DESCRIPTION OF THE TASK: In the listing below, start your output at the line with "<p>FILE - United" and end it after the line with "Side view of", copying every line exactly.

SUPPLIED INFORMATION:
────────────────────
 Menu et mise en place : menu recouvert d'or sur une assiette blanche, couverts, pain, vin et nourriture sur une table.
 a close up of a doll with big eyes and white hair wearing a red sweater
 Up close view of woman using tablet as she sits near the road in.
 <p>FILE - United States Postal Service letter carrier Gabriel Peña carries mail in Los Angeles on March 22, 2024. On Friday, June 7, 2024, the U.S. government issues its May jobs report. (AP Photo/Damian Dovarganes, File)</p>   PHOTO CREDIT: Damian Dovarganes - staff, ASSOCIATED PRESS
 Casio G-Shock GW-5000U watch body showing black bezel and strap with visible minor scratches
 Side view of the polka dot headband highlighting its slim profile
────────────────────
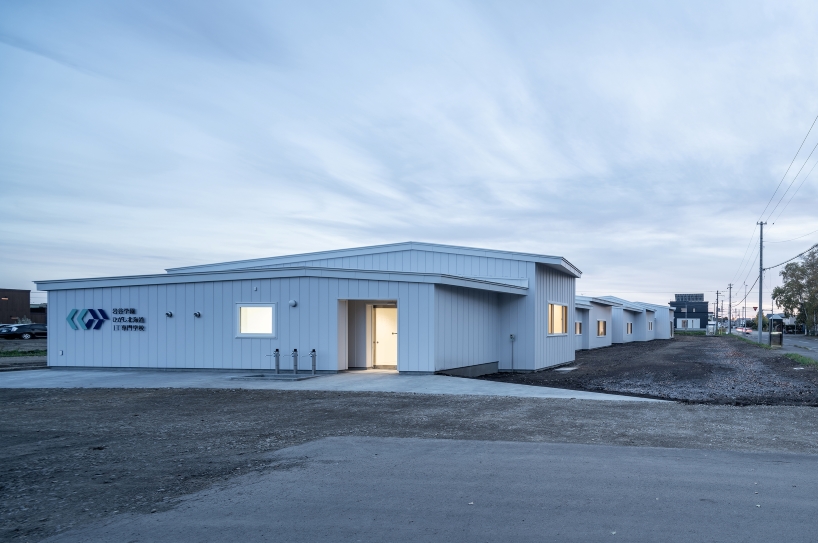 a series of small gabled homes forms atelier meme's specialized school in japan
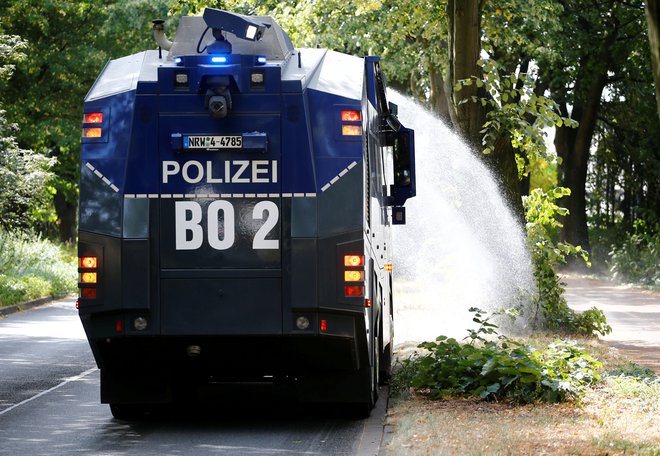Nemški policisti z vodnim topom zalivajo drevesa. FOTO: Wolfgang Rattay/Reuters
────────────────────
RESULT FOR THIS TASK:
 <p>FILE - United States Postal Service letter carrier Gabriel Peña carries mail in Los Angeles on March 22, 2024. On Friday, June 7, 2024, the U.S. government issues its May jobs report. (AP Photo/Damian Dovarganes, File)</p>   PHOTO CREDIT: Damian Dovarganes - staff, ASSOCIATED PRESS
 Casio G-Shock GW-5000U watch body showing black bezel and strap with visible minor scratches
 Side view of the polka dot headband highlighting its slim profile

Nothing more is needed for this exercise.